I’ve defended Wal-Mart in my weblog and here at Blogcritics before, though not passionately. I defended them only on free-market principles, not because of strong positive personal experiences with the company. I’ve finally had one of those personal experiences, and it wasn’t positive. Count me as a Wal-Mart hater. It was enough to make me rethink my committment to free markets.
I am referring, of course, to the Beer Can Chicken accessory. It is surely a sign of the impending apocalypse, and it is available for sale at least at one Wal-Mart. Perhaps you’ve heard of the idea of inserting an open can of an alcoholic beverage into the butt of a chicken to moisten and flavor its inner parts as it cooks. Perhaps not. But if you visit the Wal-Mart in The Colony, Texas, you’ll catch on to the idea at once. But you don’t have to worry about the hassles normally associated with the process. Oh no. No falling-over chickens for you. You can use the bit of twisted wire available near the checkout to stand that chicken up firmly and hold that beer can right where it is supposed to be. As the package says, the holder can handle “Any 12 ounce can,” so if you want to use a nice imported beer, you can do that. But let’s be real, shall we? If you’re making beer can chicken, you’re probably not an imported beer drinker.
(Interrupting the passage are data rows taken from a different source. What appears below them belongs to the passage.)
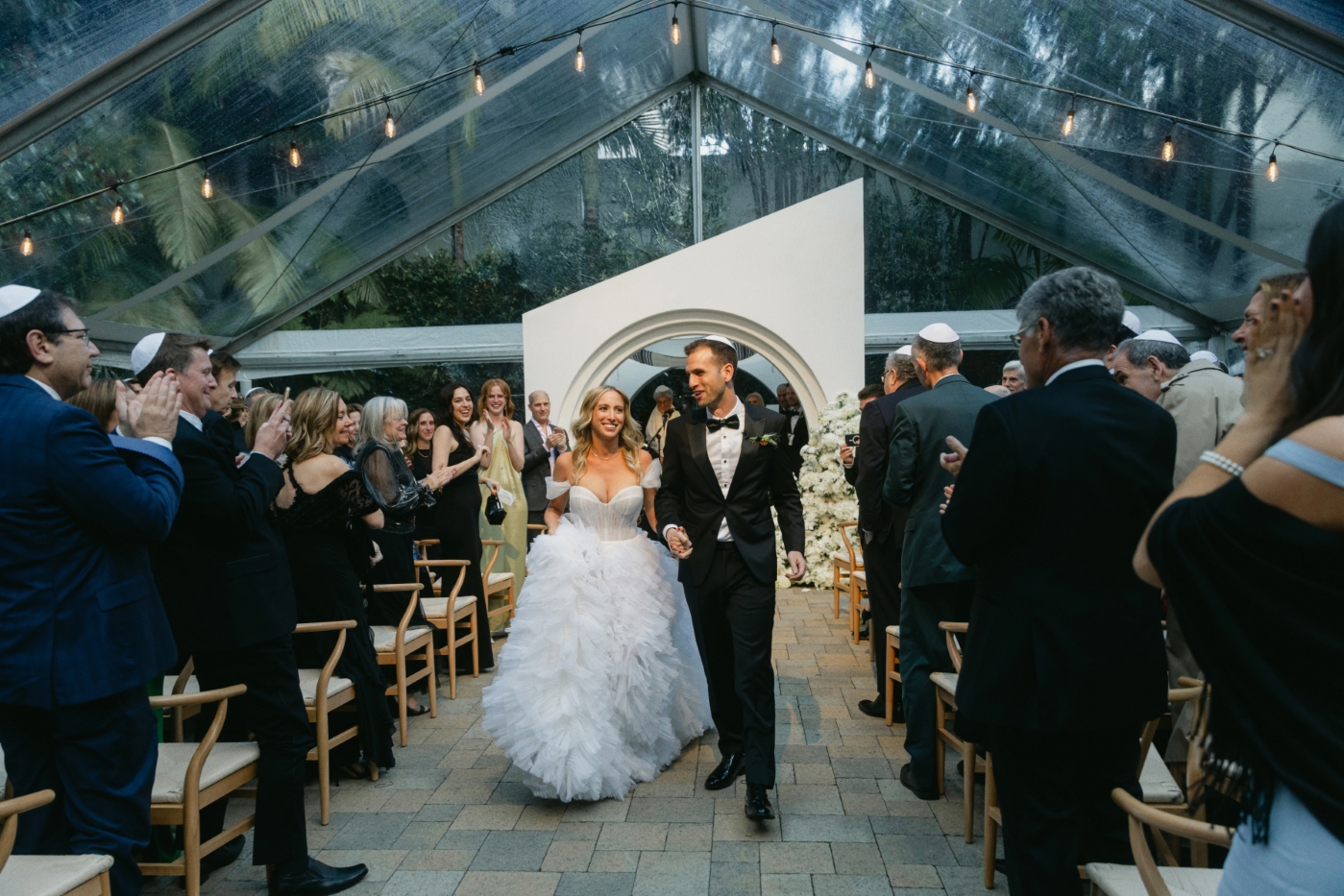 a bride and groom walk back down the aisle after their DTLA outdoor cathedral wedding ceremony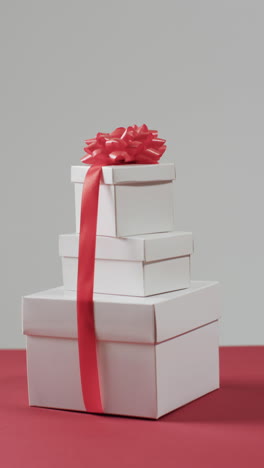 Vertical-video-of-stack-of-christmas-presents-and-copy-space-on-red-background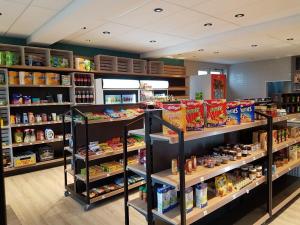 a store filled with shelves filled with food at Ostseeferienpark Walkyrien in Schashagen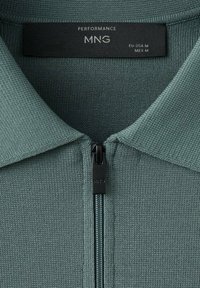 Prenda de punto verde con cremallera, cuello y etiqueta negra con la inscripción "PERFORMANCE MNG" en tamaño mediano para la UE, EE. UU. y México.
If, like me, you’re only marginally familiar with the process of making beer can chicken, you might wonder whether this is something that you must be extremly drunk to try. Apparently not. If, like me, you wondered whether such a process could b used at home in your own oven, I can assure you that the package reveals that the product is suitable for both grill and oven use.
Sadly, the item is not available online (though a handy cookbook is only $9.63), but the Wal-Mart in The Colony sells it for only $4.84, so that might be worth a drive.
The Colony is only a few miles from where I live in Carrollton, but also half a world away.